Only the lines from the one bearing "Item preview, 404" through the end of the listing belong in your response, restated word for word and without pictures.

====================

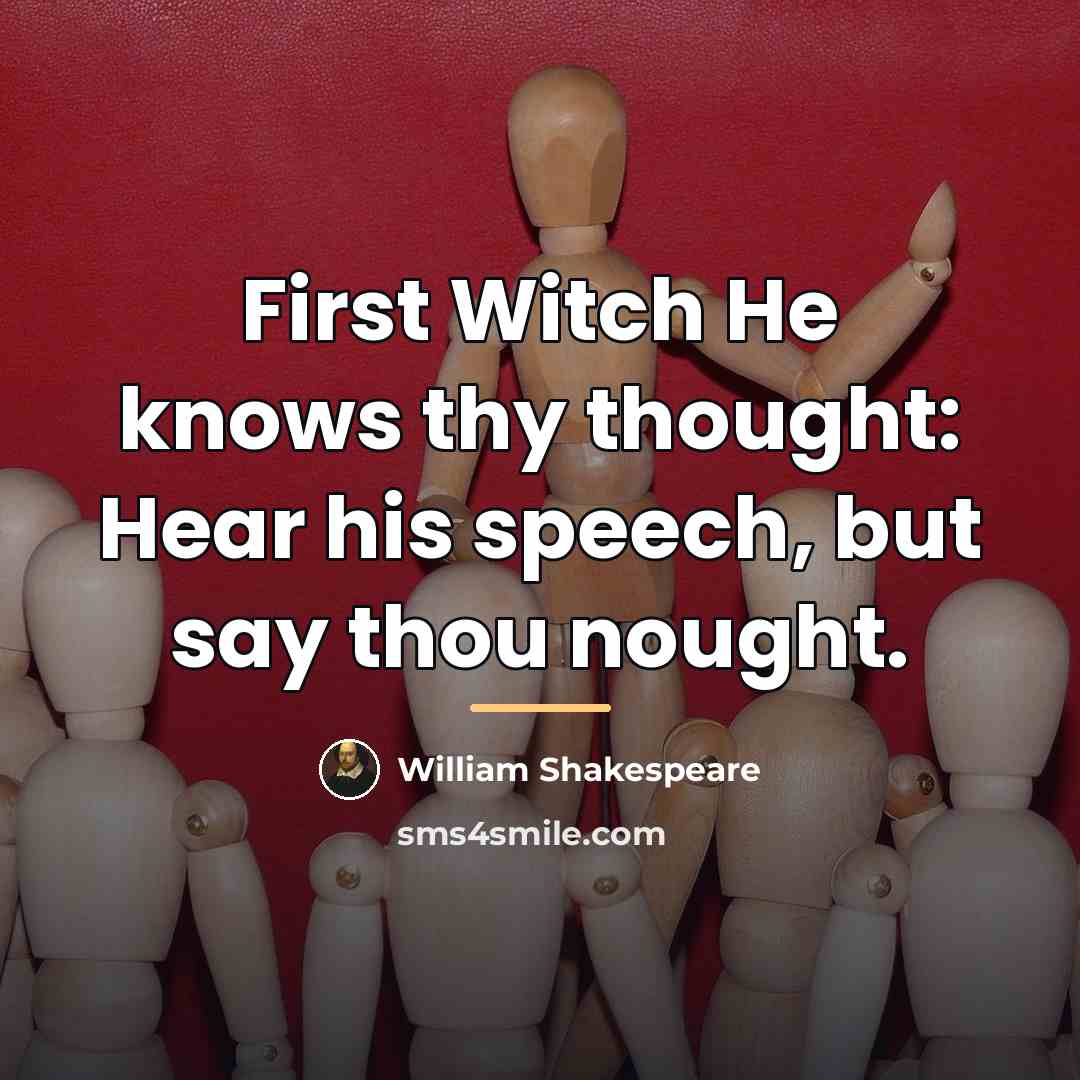 “First Witch He knows thy thought: Hear his speech, but…” quote by William Shakespeare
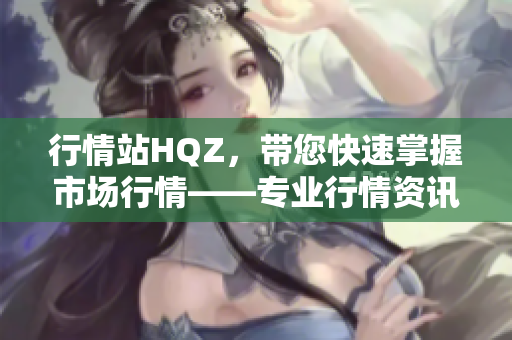 行情站HQZ，带您快速掌握市场行情——专业行情资讯平台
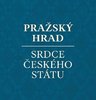 Pražský hrad: Srdce českého státu.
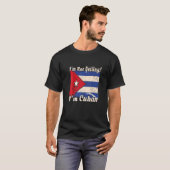 Cubaanse vlag Cuba Gezegde Ik schreeuw niet Ik ben T-shirt (Voorkant volledig)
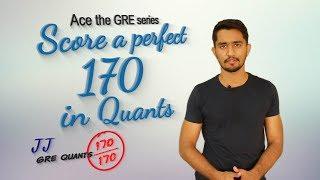 GRE: How to score a perfect 170 in Quants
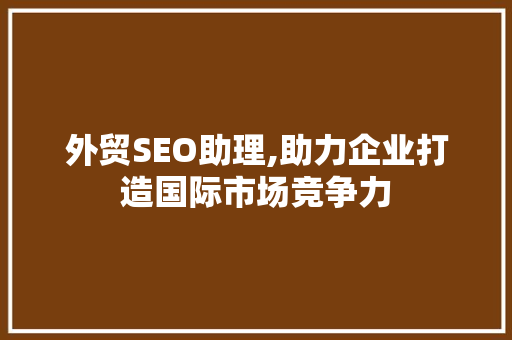 外贸SEO助理,助力企业打造国际市场竞争力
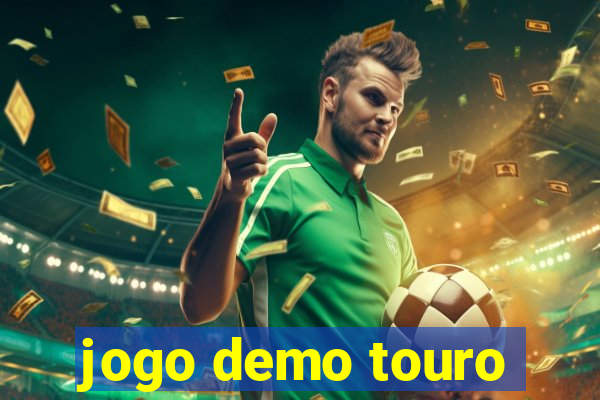 jogo demo touro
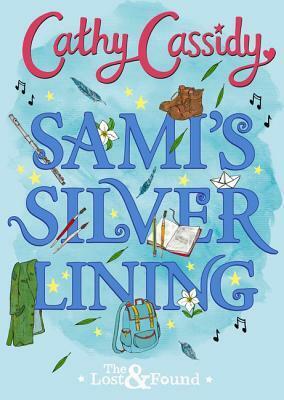 Sami's Silver Lining by Cathy Cassidy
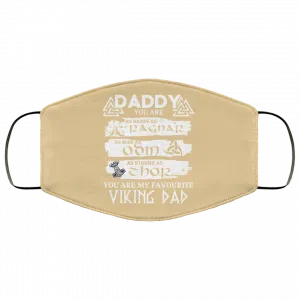 Daddy You Are As Brave As Ragnar As Wise As Odin As Strong As Thor Viking Dad Face Mask 47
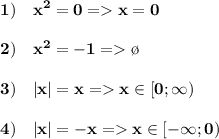 \displaystyle\bf 1) \quad x^2=0 = x=0 \\\\2)\quad x^2=-1= \o \\\\3) \quad |x|=x = x\in[0;\infty)\\\\4)\quad |x|=-x = x\in[-\infty;0)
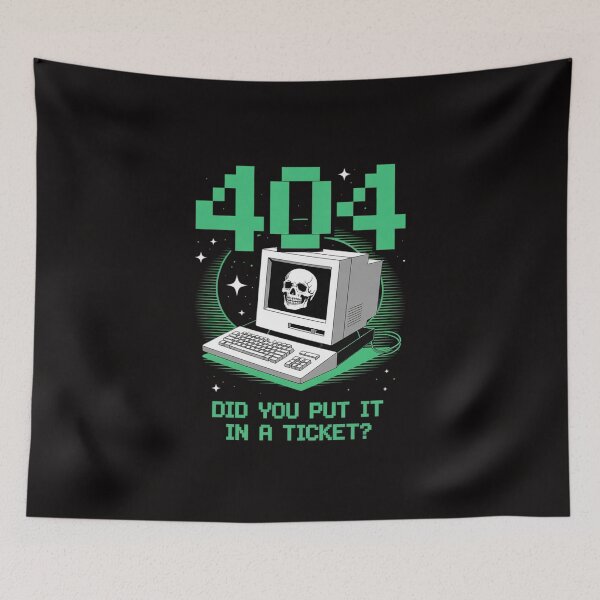 Item preview, 404 Error Did You Put in A Ticket Computer Support Work designed and sold by BiellaSar.
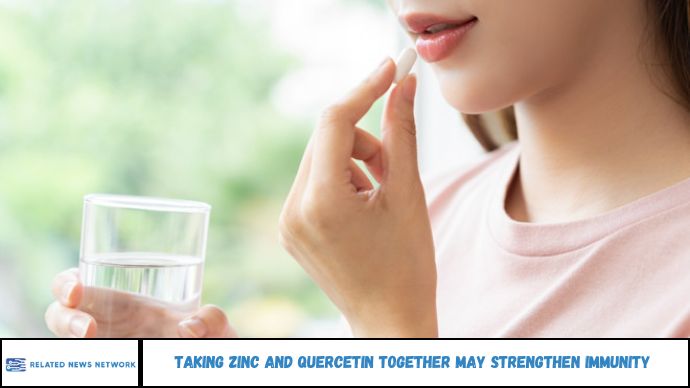 Taking Zinc and Quercetin Together May Strengthen Immunity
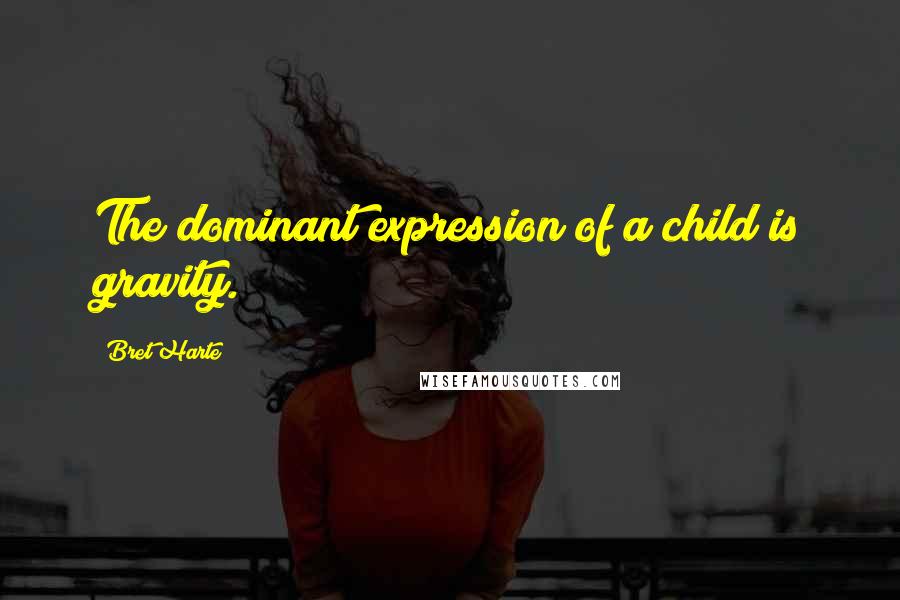 Bret Harte Quotes: The dominant expression of a child is gravity.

====================

Reply
 Item preview, 404 Error Did You Put in A Ticket Computer Support Work designed and sold by BiellaSar.
 Taking Zinc and Quercetin Together May Strengthen Immunity
 Bret Harte Quotes: The dominant expression of a child is gravity.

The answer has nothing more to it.